SOLUSIMEDIA.ID, MAKASSAR – Dinas Kebudayaan (Disbud) Kota Makassar menegaskan komitmennya dalam pelestarian warisan sejarah melalui program perlindungan cagar budaya yang masif.
Hingga saat ini, Kota Makassar telah menetapkan puluhan situs dan bangunan bersejarah sebagai cagar budaya di tingkat kota, dengan satu situs utama berhasil naik status menjadi cagar budaya nasional.
Upaya ini merupakan langkah strategis untuk mempertahankan identitas budaya di tengah arus globalisasi.
Kepala Disbud Kota Makassar, Andi Patiware, menjelaskan bahwa proses penetapan dan revitalisasi terus dilakukan untuk menjaga warisan yang ada.
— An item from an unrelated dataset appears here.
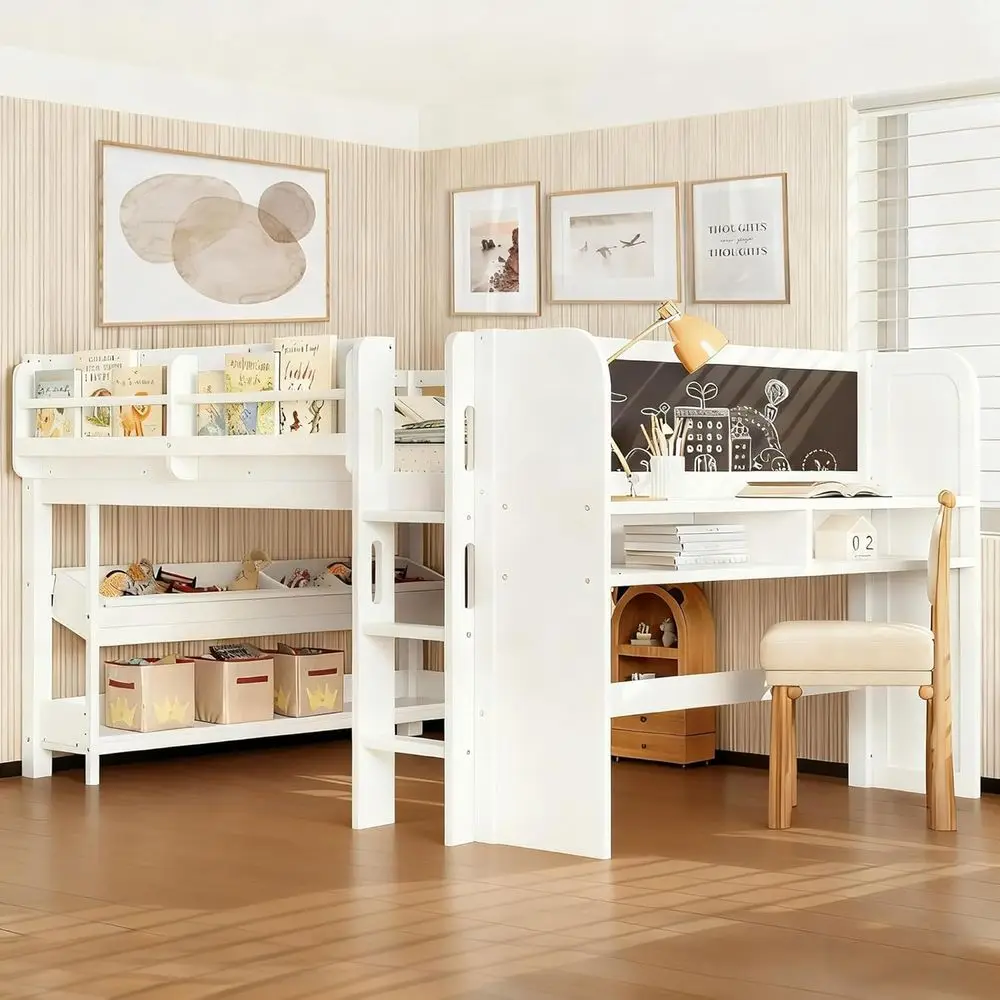 

White Wooden Kids Loft Bed with Storage, Bookcases, Desk, and Blackboard for Boys or Girls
“Perlu mungkin kita ketahui bersama, saya rasa masih banyak yang belum mengetahui, di Makassar ini cagar budaya yang sudah ditetapkan itu sebanyak 36,” ungkap Andi Patiware saat diwawancarai dalam program Solusi Talk yang ditayangkan pada, Sabtu (6/12/2025) di kanal youtube solusimedia.id.
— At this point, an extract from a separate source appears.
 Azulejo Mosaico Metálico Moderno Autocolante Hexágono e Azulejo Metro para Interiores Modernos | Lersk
Jumlah ini mencakup berbagai situs penting, termasuk Museum Kota Makassar, Gedung Kesenian RRI, serta Rumah Kediaman Almarhum Andi Pangeran Petarani yang baru-baru ini direhabilitasi.
Lebih lanjut, Kepala Disbud Kota Makassar mengumumkan capaian penting di tingkat pusat, yaitu terkait penetapan status Makam Pangeran Diponegoro.